E fu precisamente santa Teresa d'Avila il detonatore in un ambiente in parte ereditato ed in maggior parte accelerato da lei in maniera sorprendente, sia per le sue calorose esortazioni ed esperienze riflesse nel cap. VI del libro della Vita sia per la coerenza di dedicare i suoi monasteri a Giuseppe (che non n'aveva nessuno fino a quello di Avila), per la dedizione del suo Ordine al santo, considerandolo quasi confondatore.
Là dove giunsero i libri di Teresa ed i suoi conventi di frati e di monache (e giunsero molto lontano) si poteva contare su centri d'irradiazione "giuseppina" incondizionata, con feste in cui i predicatori più celebri – come Bossuet – scioglievano lodi al santo.
Libri molto ben scritto – come la tanto edita Josefina del carmelitano scalzo Gracián o il fortunato ed immenso poema di Giuseppe di Valdivielso (anch'esso chiamato Josefina), solo per citare alcuni esempi dell'incontenibile letteratura che apparve in Spagna nel sec. XVII –; sermoni; devozioni nuove come quella dei "Sette dolori";  sicurezza di protezione dinanzi alla morte, che i cristiani desideravano fosse come quella di Giuseppe; confraternite associative o devozionali o assistenziali... portavano il nome di san Giuseppe; reliquie (naturalmente non autentiche) come quelle dell'anello dello sposalizio, il suo bastone, la sua cappa (che si veneravano sia a Perugia sia a Parigi); tutto, e molto di più, testimonia che Giuseppe, dopo il Concilio di Trento, aveva rotto i silenzi delle epoche anteriori e occupava il primo posto nelle predilezioni spirituali di quasi tutti.

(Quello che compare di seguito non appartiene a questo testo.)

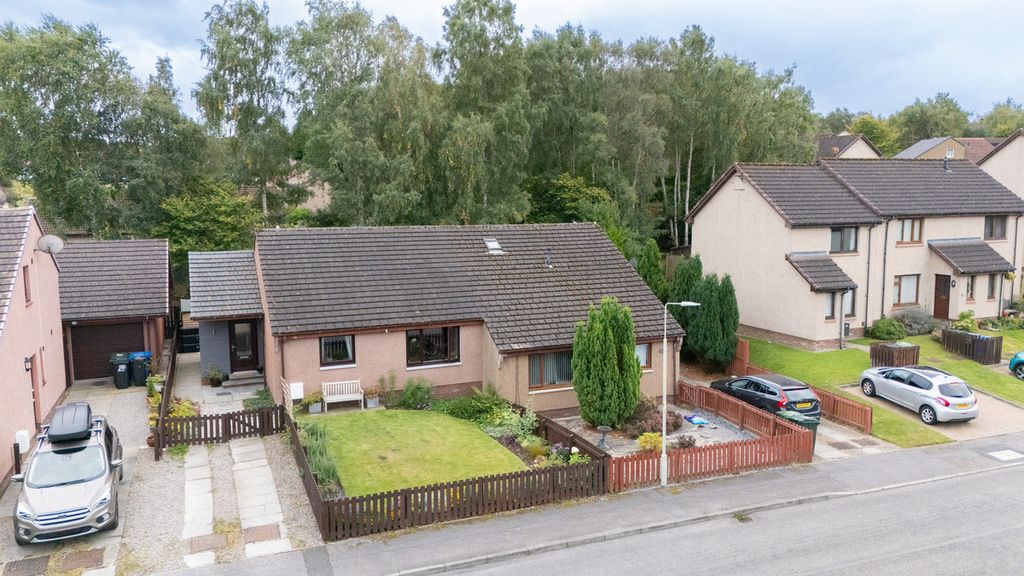 Property photo 1 of 27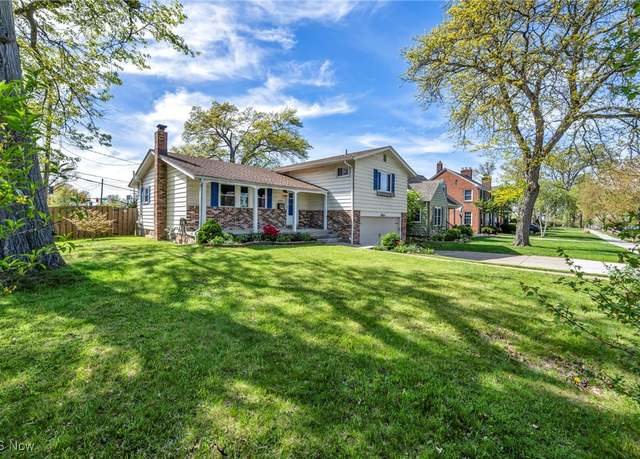 Property at 1544 Parkwood Rd, Lakewood, OH 44107, 3 beds, 2.5 baths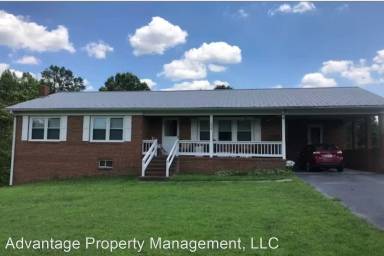 Main picture of 152 Leonard Dr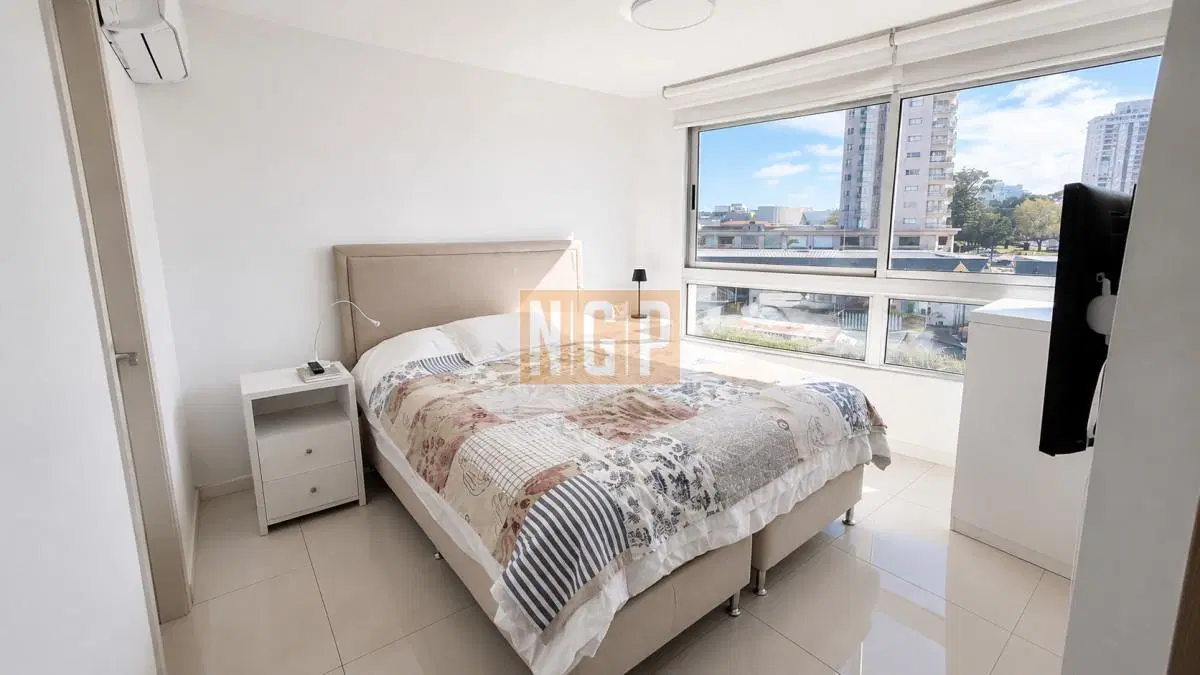 Apartamento en venta de 3 dormitorios en Punta del Este 3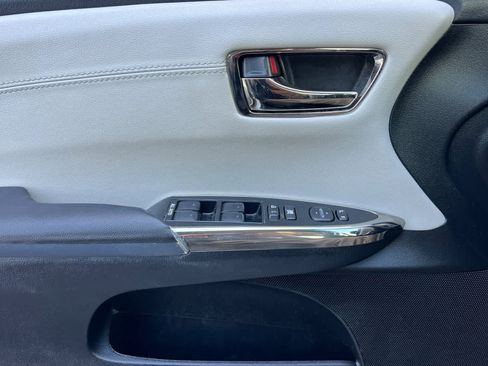 Used 2015 Toyota Avalon XLE FWD image 15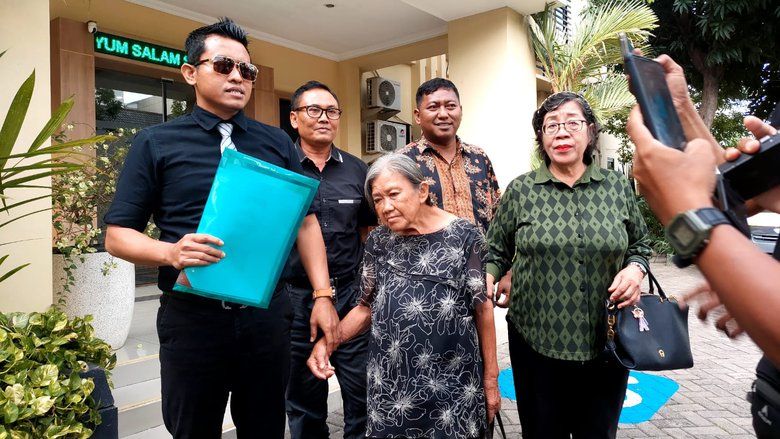 Nenek Elina Datangi Polda Jatim Lagi, Laporkan Pemalsuan Surat Tanah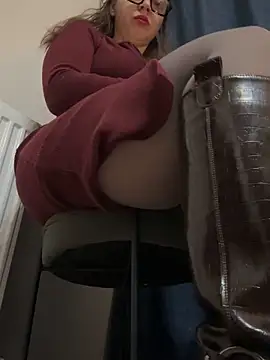 ladywithbigass online show from 3, 2, 2026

Segno di quest'incontenibile esplosione può essere l'iconografia in cui appare un Giuseppe da solo, o accompagnato dal bambino Gesù, slanciato, forte e giovane. Episcopati, province, domini territoriali, persino nazioni intere lo proclamano loro protettore. È ciò che successe con l'enorme monarchia spagnola, ai tempi di Carlo II, in un patronato effimero che non poté affermarsi (come non aveva potuto prima quello di santa Teresa) per le resistenze precedenti dal Cpaitolo di Santiago di Compostella. In altri posti non esistettero tali difficoltà, e così san Giuseppe era patrono della Nuova Spagna dal 1525; del Belgio più tardi; dell'Impero Germanico che dipendeva dagli Arburgo; del Canada francese; della Baviera; di Genova; delle missioni cinesi...

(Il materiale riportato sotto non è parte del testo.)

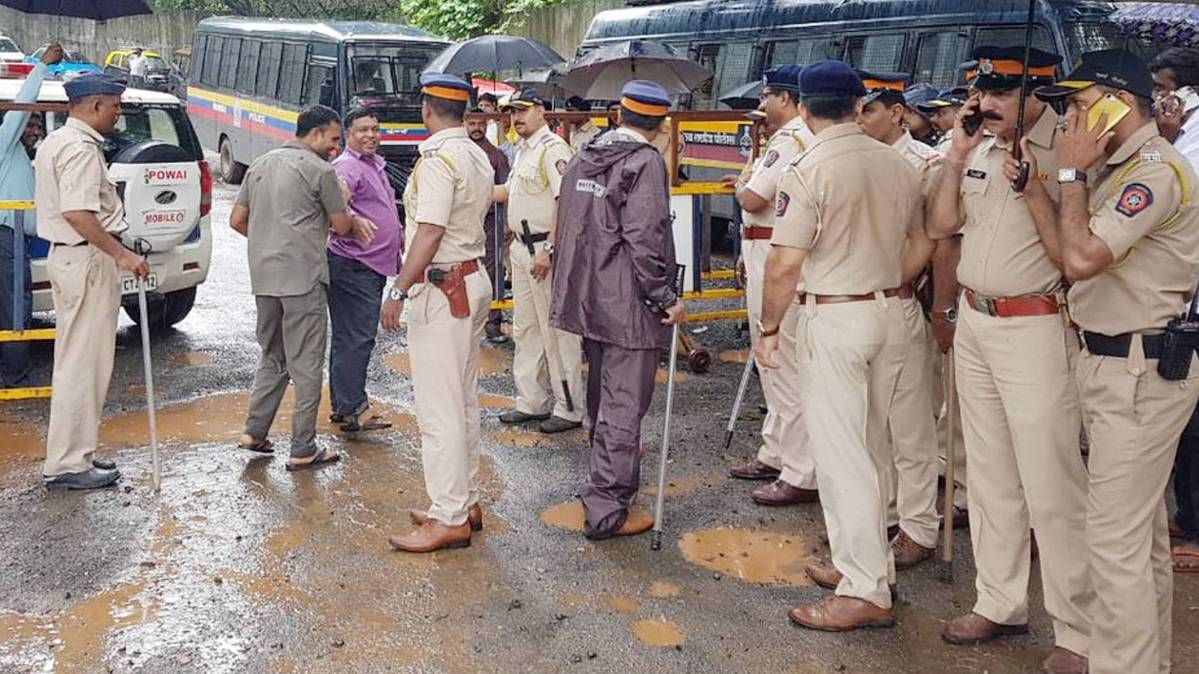 डी शिवकुमार विधायकों से मिलने मुंबई के होटल पहुंचे(फोटो-Twitter)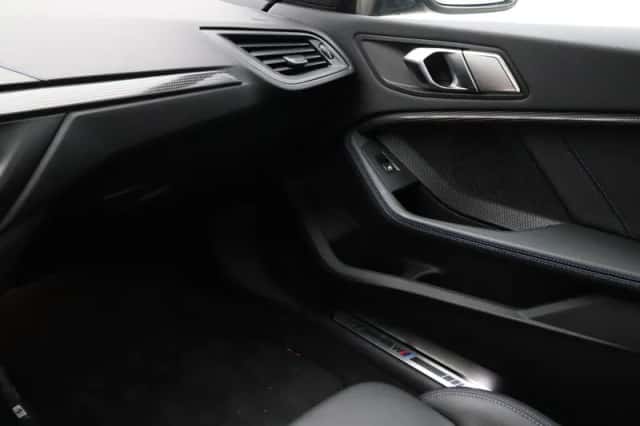 BMW 1-Serie (2022) thumbnail 15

Il patronato non era solo territoriale; era anche personale, e molti seguirono l'esempio di santa Teresa nello scegliere san Giuseppe come avvocato e protettore. Di fatto c'è una certa corrispondenza tra la propaganda teresiana e la frequenza con cui in certi luoghi (dalla Francia alla Polonia) si va imponendo ai bambini, nel Battesimo, il nome di Giuseppe, con tutte le conseguenze inerenti. Appena presente fino allora, dall'inizio del '600 s'inizia a chiamare Giuseppe o Giuseppina un numero sempre maggiore di bambini, fino a giungere a ciò che fu corrente in Castiglia (la patria di Teresa): alla fine del secolo, più del 12% aveva questo nome, una proporzione che non diminuirà fino al 1964. 

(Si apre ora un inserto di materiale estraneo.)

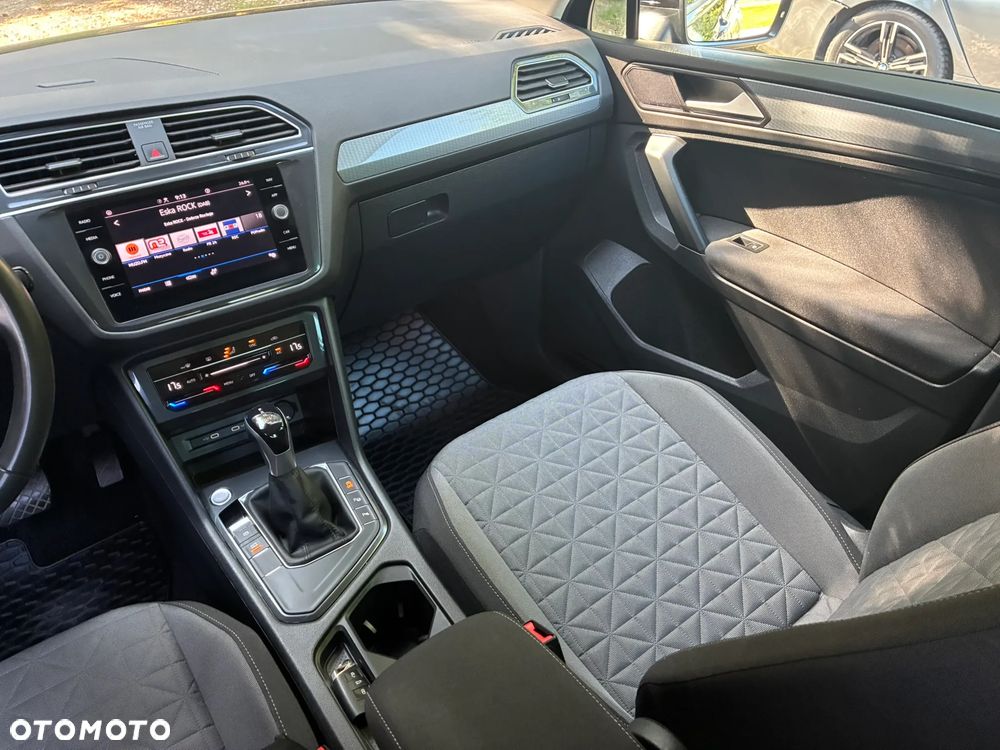 Volkswagen Tiguan - 26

Contrastava con il fervore del clero (in tutti i suoi settori) e del popolo, l'attitudine di Roma. San Giuseppe, infatti, nonostante tutto, non disponeva di una festa universale, anche se lo si celebrava in forma privata, in quasi tutti gli Ordini religiosi e in diocesi speciali. Finché un papa, Gregorio X, riuscì, nel 1621, ad averla vinta sulle resistenze della Congregazione dei Riti, e a stabilire che la festa di san Giuseppe si celebrasse in tutta la Chiesa, persino come precetto. Nonostante la Messa e l'Ufficio divino fossero liturgicamente poveri e il precetto presto cessasse d'essere universale, non si pone in dubbio l'importanza di questo primo intervento pontificio.